Exact solution of $y''=(ay+b)y'+cy^2+dy$

Question

Consider the second order nonlinear ode of the following form $y''=(ay+b)y'+cy^2+dy$, where $a, b, c, d$ are real constants. Can we find the exact solution of this equation?

Answer 1

$$\frac{d^2y}{dx^2}=(ay+b)\frac{dy}{dx}+cy^2+d\,y$$ This is an autonomous ODE. In order to reduce the order, the usual change of function is : $$\frac{dy}{dx}=u(y)\quad;\quad \frac{d^2y}{dx^2}=\frac{d}{dx}\frac{dy}{dx}=\frac{du}{dx}=\frac{du}{dy}\frac{dy}{dx}=\frac{du}{dy}u$$ $$u\frac{du}{dy}=(ay+b)u+cy^2+d\,y$$ This is a first order non-linear ODE.

Let $\quad u(y)=\frac{1}{v(y)}\quad ;\quad \frac{du}{dy}= -\frac{dv}{dy}\frac{1}{v^2}$ $$\frac{1}{v}\left(-\frac{dv}{dy}\frac{1}{v^2}\right)=(ay+b)\frac{1}{v}+cy^2+d\,y$$ $$\frac{dv}{dy}=-(ay+b)v^2-(cy^2+d\,y)v^3$$ This is an Abell ODE of the first kind. In general, there is no closed form solution, except in cases of particular values of the parameters. To go further, see : https://arxiv.org/ftp/arxiv/papers/1503/1503.05929.pdf

Answer 2

$y''=(ay+b)y'+cy^2+dy$

$\dfrac{d^2y}{dx^2}=(ay+b)\dfrac{dy}{dx}+cy^2+dy$

Let $u=\dfrac{dy}{dx}$ ,

Then $\dfrac{d^2y}{dx^2}=\dfrac{du}{dx}=\dfrac{du}{dy}\dfrac{dy}{dx}=u\dfrac{du}{dy}$

$\therefore u\dfrac{du}{dy}=(ay+b)u+cy^2+dy$

This belongs to an Abel equation of the second kind.

Case $1$: $a\neq0$

Let $s=y+\dfrac{b}{a}$ ,

Then $u\dfrac{du}{ds}=asu+c\left(s-\dfrac{b}{a}\right)^2+d\left(s-\dfrac{b}{a}\right)$

$u\dfrac{du}{ds}=asu+cs^2+\dfrac{(ad-2bc)s}{a}+\dfrac{b^2c-abd}{a^2}$

Let $t=\dfrac{as^2}{2}$ ,

Then $\dfrac{du}{ds}=\dfrac{du}{dt}\dfrac{dt}{ds}=as\dfrac{du}{dt}$

$\therefore asu\dfrac{du}{dt}=asu+cs^2+\dfrac{(ad-2bc)s}{a}+\dfrac{b^2c-abd}{a^2}$

$u\dfrac{du}{dt}=u+\dfrac{cs}{a}+\dfrac{ad-2bc}{a^2}+\dfrac{b^2c-abd}{a^3s}$

$u\dfrac{du}{dt}=u\pm\dfrac{c\sqrt{2t}}{a\sqrt{a}}+\dfrac{ad-2bc}{a^2}\pm\dfrac{b^2c-abd}{a^2\sqrt{a}\sqrt{2t}}$

This belongs to an Abel equation of the second kind in the canonical form.
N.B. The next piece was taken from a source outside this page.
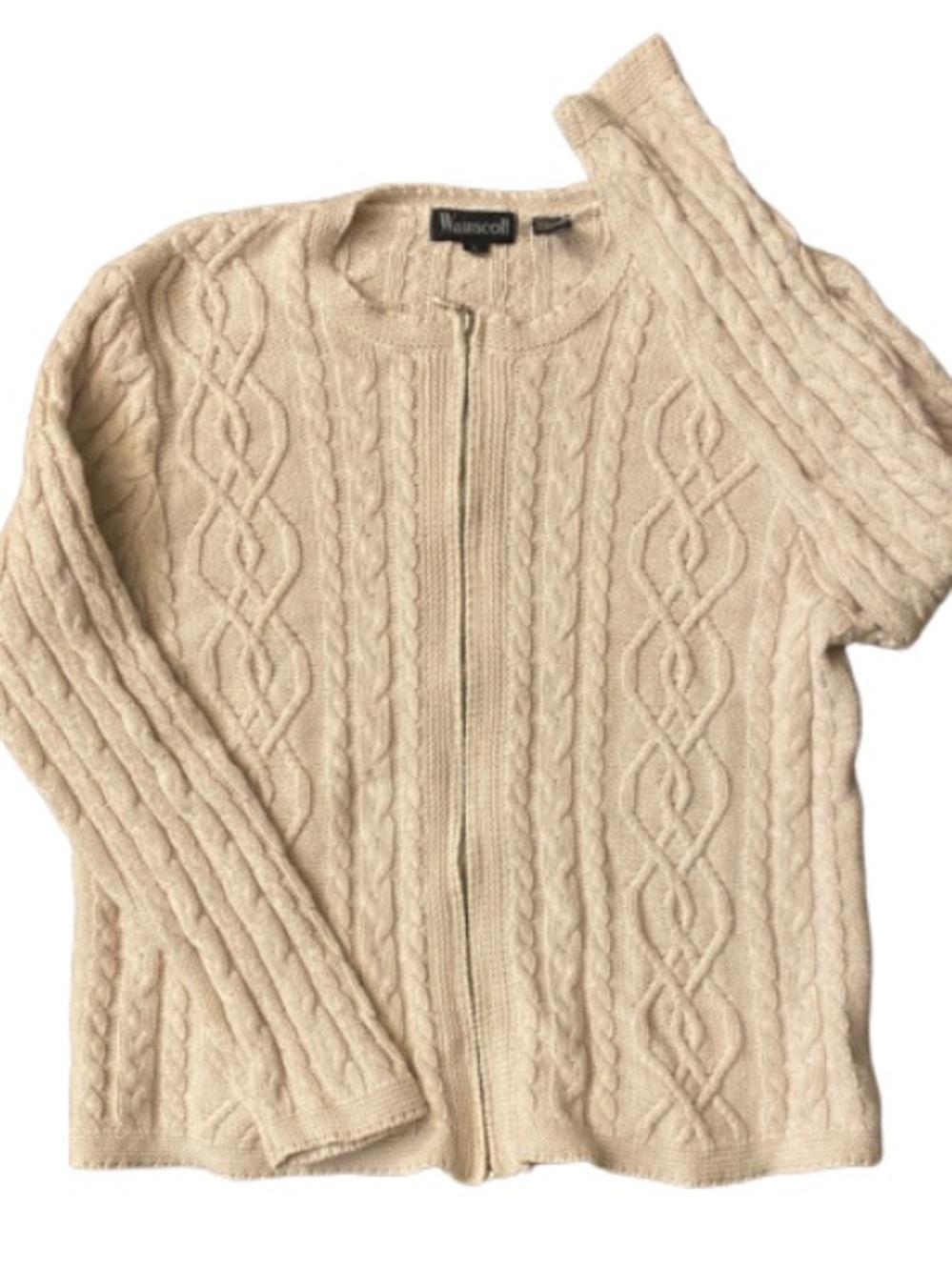 WAINSCOTT Cream Cable-Knit Zip Crew Sweater Size L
Please follow the method in https://arxiv.org/ftp/arxiv/papers/1503/1503.05929.pdf

For the special case $4c^2=a^2d-2abc$ , this exactly belongs to the ODE of the form http://science.fire.ustc.edu.cn/download/download1/book%5Cmathematics%5CHandbook%20of%20Exact%20Solutions%20for%20Ordinary%20Differential%20EquationsSecond%20Edition%5Cc2972_fm.pdf#page=137.